In D79799#2038887, @nikic wrote:

My only concern here would be whether this can degenerate quadratically. Without particular familiarity with this pass, and looking at example @ins1_ins1_iterate, it seems like this would work by scalarizing one operation on each iteration. Is that right? If so, that seems potentially problematic, as the pass becomes quadratic for longer instruction chains.

Yes, in the worst case it could become quadratic, and you're seeing the test correctly. I think we could undo the reverse basic-block walk in this patch to make that particular case more efficient.

If I'm seeing it correctly, other iterative passes like SimplifyCFG and CodeGenPrepare allow for quadratic-time possibility too. I'm not sure if there's a theoretical way to draw the line on that, or if we just accept that potential risk (assume that anything this pass will ever do is rare, so it can't be too expensive). As I wrote in the description, I think the alternative is to revise things to be more like InstCombine's user-based worklist. We could also put in a cl::opt flag to bail out and/or assert if we go overboard. Any other suggestions?

In D79799#2039039, @spatel wrote:

In D79799#2038887, @nikic wrote:

My only concern here would be whether this can degenerate quadratically. Without particular familiarity with this pass, and looking at example @ins1_ins1_iterate, it seems like this would work by scalarizing one operation on each iteration. Is that right? If so, that seems potentially problematic, as the pass becomes quadratic for longer instruction chains.

Yes, in the worst case it could become quadratic, and you're seeing the test correctly. I think we could undo the reverse basic-block walk in this patch to make that particular case more efficient.

Speaking of which: If I replace this with a forward walk, then the ins1_ins1_iterate test folds, and there are no other test changes in VectorCombine or PhaseOrdering. If there are cases that benefit from the backwards walk, there doesn't seem to be test coverage for them.

If I'm seeing it correctly, other iterative passes like SimplifyCFG and CodeGenPrepare allow for quadratic-time possibility too. I'm not sure if there's a theoretical way to draw the line on that, or if we just accept that potential risk (assume that anything this pass will ever do is rare, so it can't be too expensive). As I wrote in the description, I think the alternative is to revise things to be more like InstCombine's user-based worklist. We could also put in a cl::opt flag to bail out and/or assert if we go overboard. Any other suggestions?
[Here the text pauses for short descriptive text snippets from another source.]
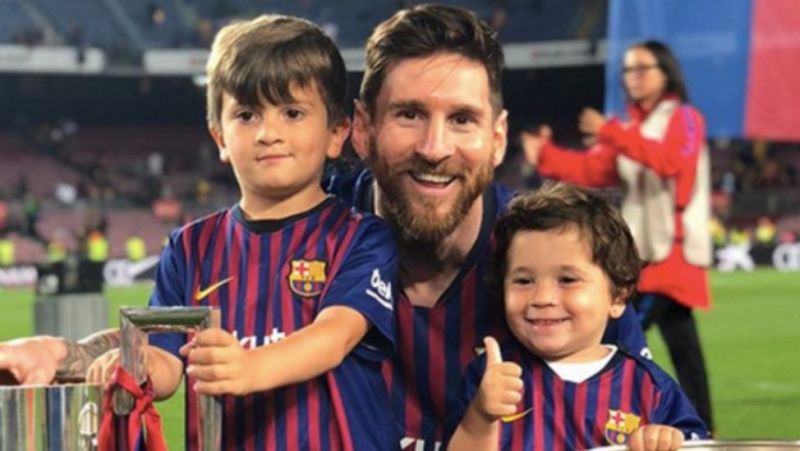 messi-son | Sportstime247: Latest News, Match Predictions, Fantasy Tips ...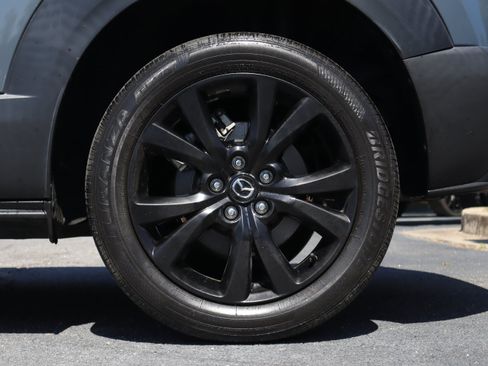 Used 2023 MAZDA CX-30 AWD 2.5 S w/ Preferred Package image 6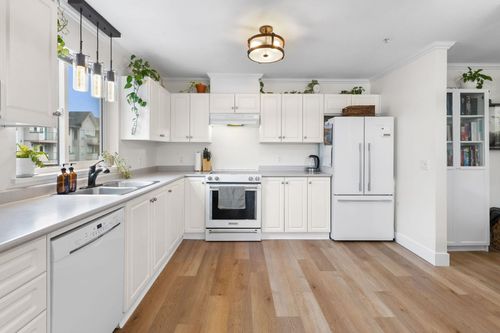  at 311 - 33728 King Road, Poplar, Abbotsford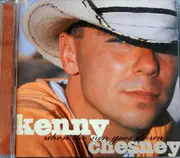 Double CD - Kenny Chesney - When The Sun Goes Down (Target Edition) - Only main CD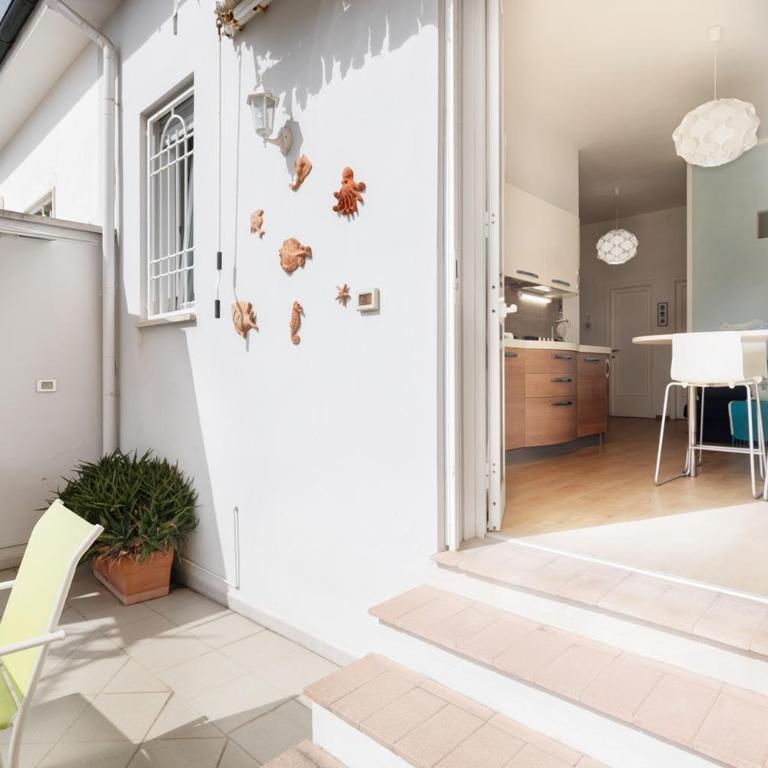 Stellamaris, Relax a Viareggio - Appartamento con 2 Camere da Letto - 31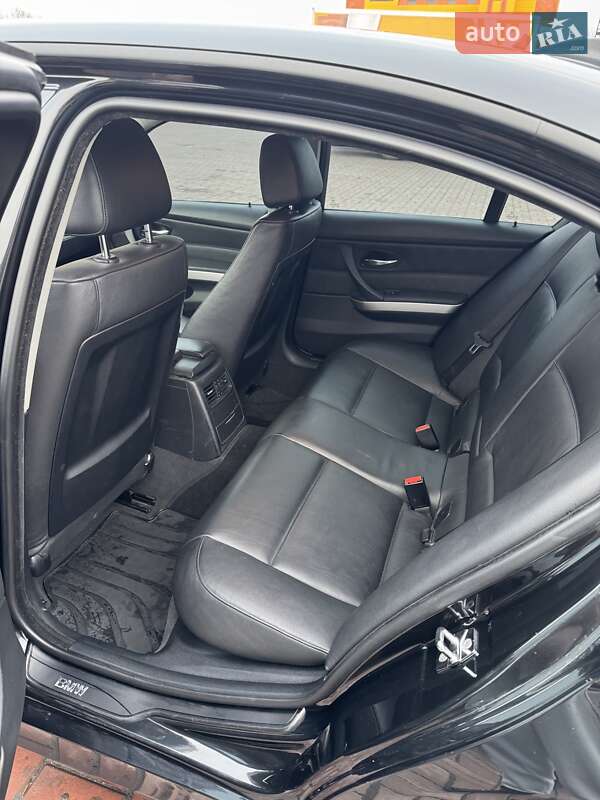 Седан BMW 3 Series 2005 в Полтаве фото 8 Седан BMW 3 Series 2005 в Полтаве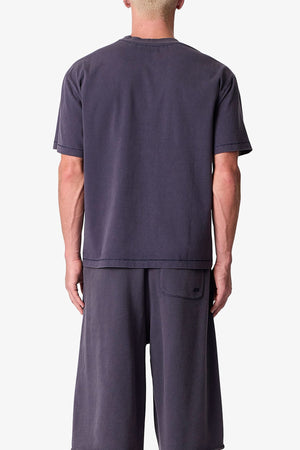 Relaxed Tee - Slate
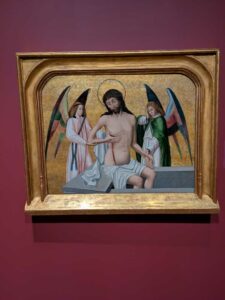 WorcesterArtMuseumJune2025-100 image from Worcester Museum of Art, Worcester MA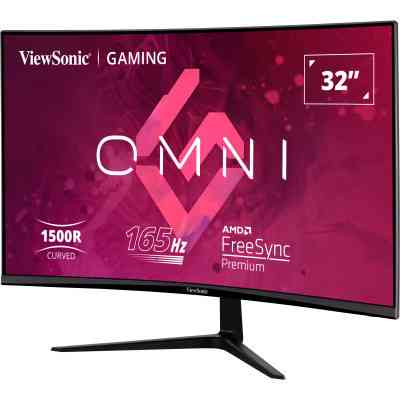 Монітор ViewSonic VX3218C-2K Вінниця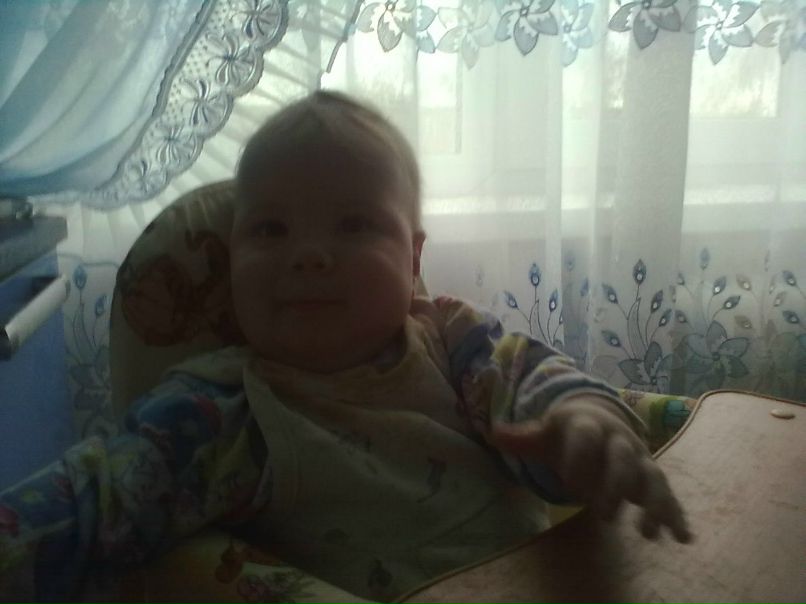 Игорь Чурилов | Коломна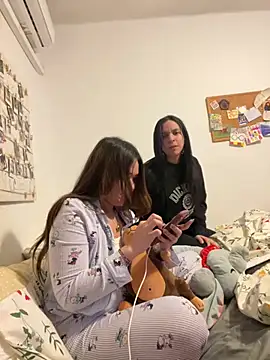 Genblan online show from March 2026 09:00:01 PM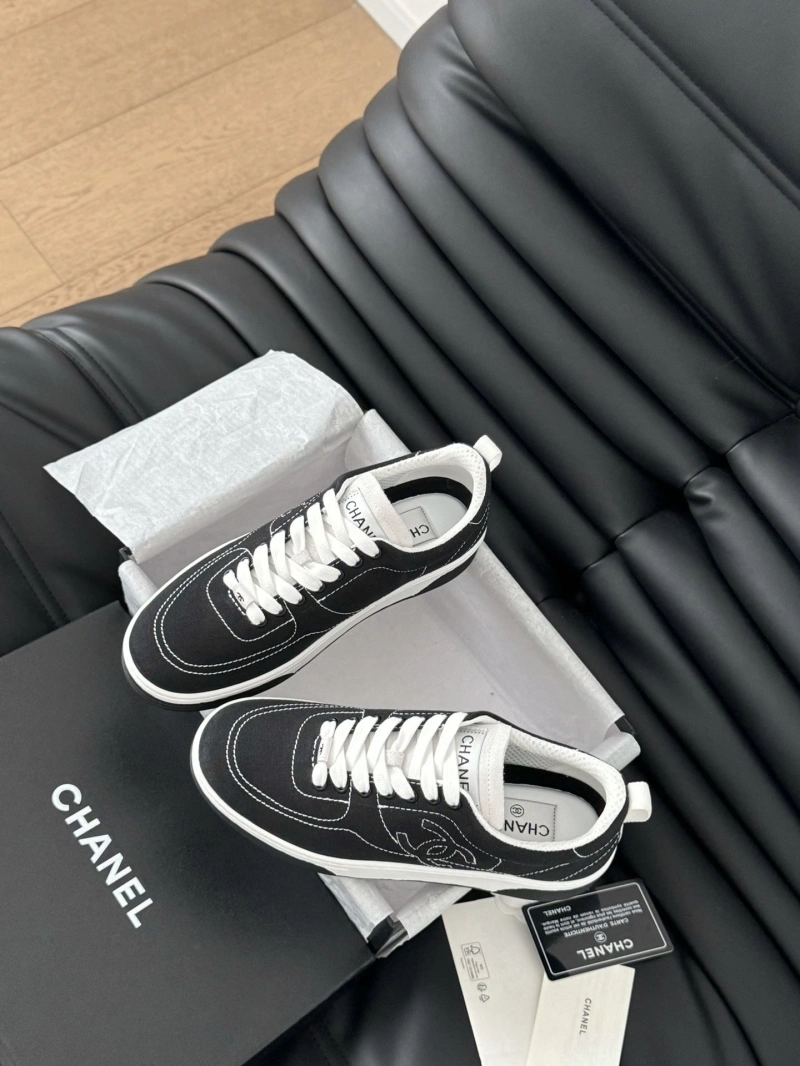 Unique Chxnxl Casual Shoes 124815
I agree that this is unlikely to become a problem in practice for this pass, because vector code is uncommon. And you are right that this problem also exists in other passes, though it is probably not always as easy to find actually quadratic cases. Personally I'm fine with your approach here, and we can always pivot to a worklist if necessary. Though per my comment above, it seems like for now just flipping the iteration order might be sufficient.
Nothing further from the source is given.